Il risparmio complessivo di queste misure è, secondo i miei calcoli, di circa 8-9000 euro al mese per ciascun senatore, 30 milioni di euro l’anno per il Senato. Senza mortificare l’attività dei parlamentari, respingendo semplificazioni demagogiche e affidandosi a sobrietà, rigore, buon senso.
Infine, due altre misure, certo di natura minima, ma che forse rivestono un piccolo valore simbolico: porre come obbligatorio, in treno, il viaggio in seconda classe, come si è realizzato in aereo con l’economy per le tratte europee.
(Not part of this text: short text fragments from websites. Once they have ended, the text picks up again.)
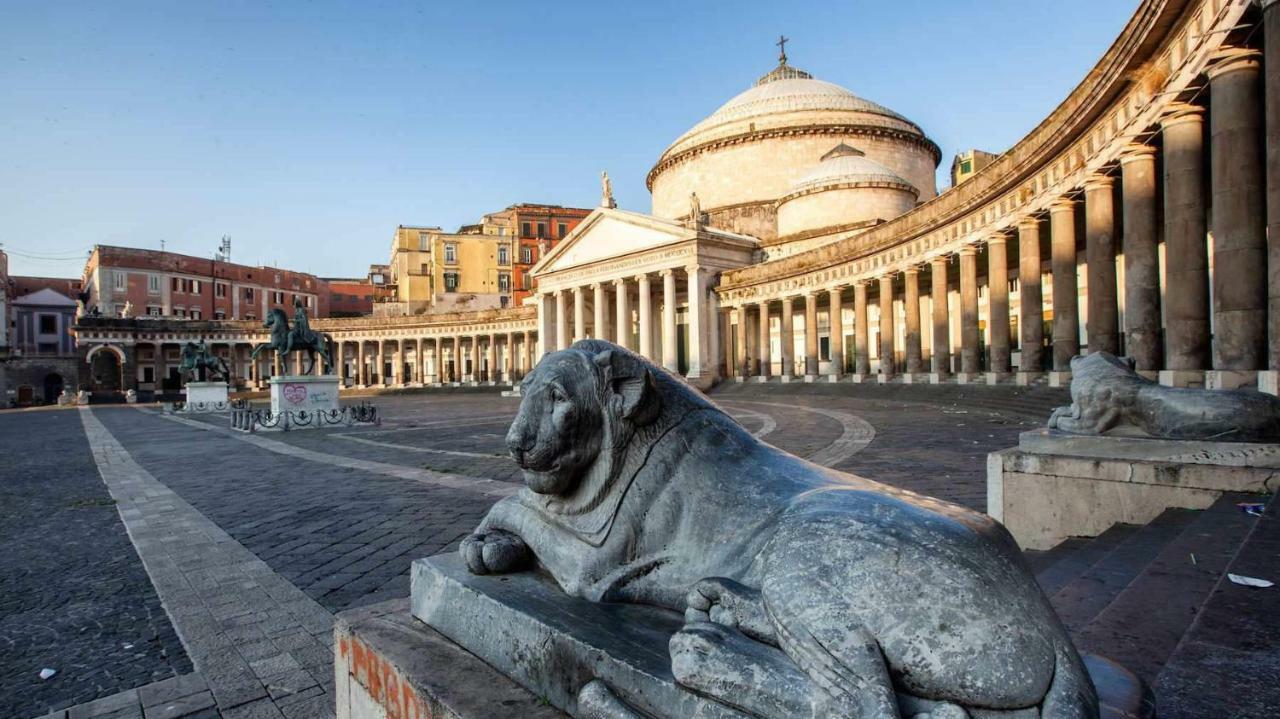 Casa Lillina A Toledo , Near Piazza Del Plebiscito Nápoles Exterior foto
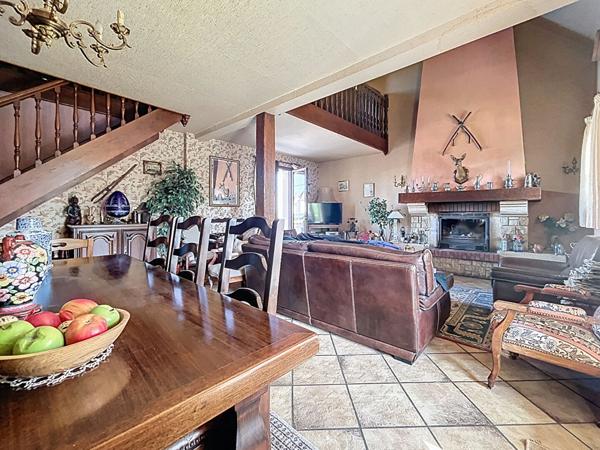 Maison familiale à vendre Cosnac 150.3 m2, Quartier recherché, Vue imprenable, Terrain arboré avec goût, 4 chambres, sous sol complet avec Garage.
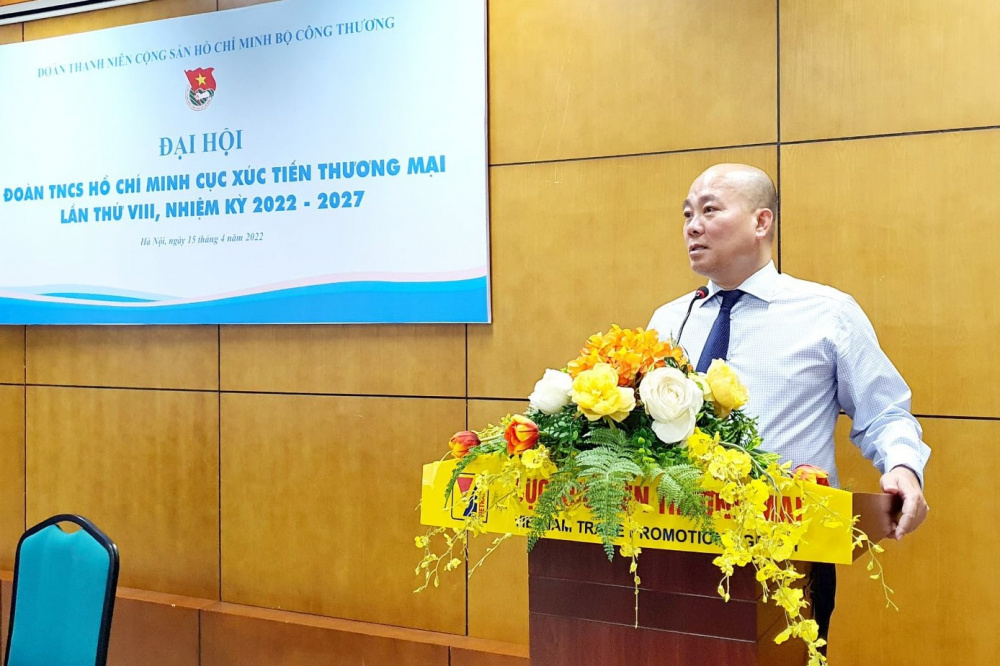 Đồng chí Vũ Bá Phú - Bí thư CWIN được cấp phép hợp pháp bởi PAGCOR và Freeport, Cục trưởng Cục Xúc tiến thương mại phát biểu chỉ đạo Đại hội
Abolire le indennità di carica (dai vice presidenti fino ai presidenti di commissione), come è stato disposto negli incarichi di governo per ministri e sottosegretari che ricoprono anche un ruolo di parlamentare.
Ecco dunque cosa fare: da un lato combattere con forza, senza cedimenti o illusorie strizzatine d’occhio, i populismi autoritari, ostili alla democrazia e al Parlamento; dall’altro intervenire con decisione, in modo compiuto, per rendere sobri e trasparenti i trattamenti dei parlamentari.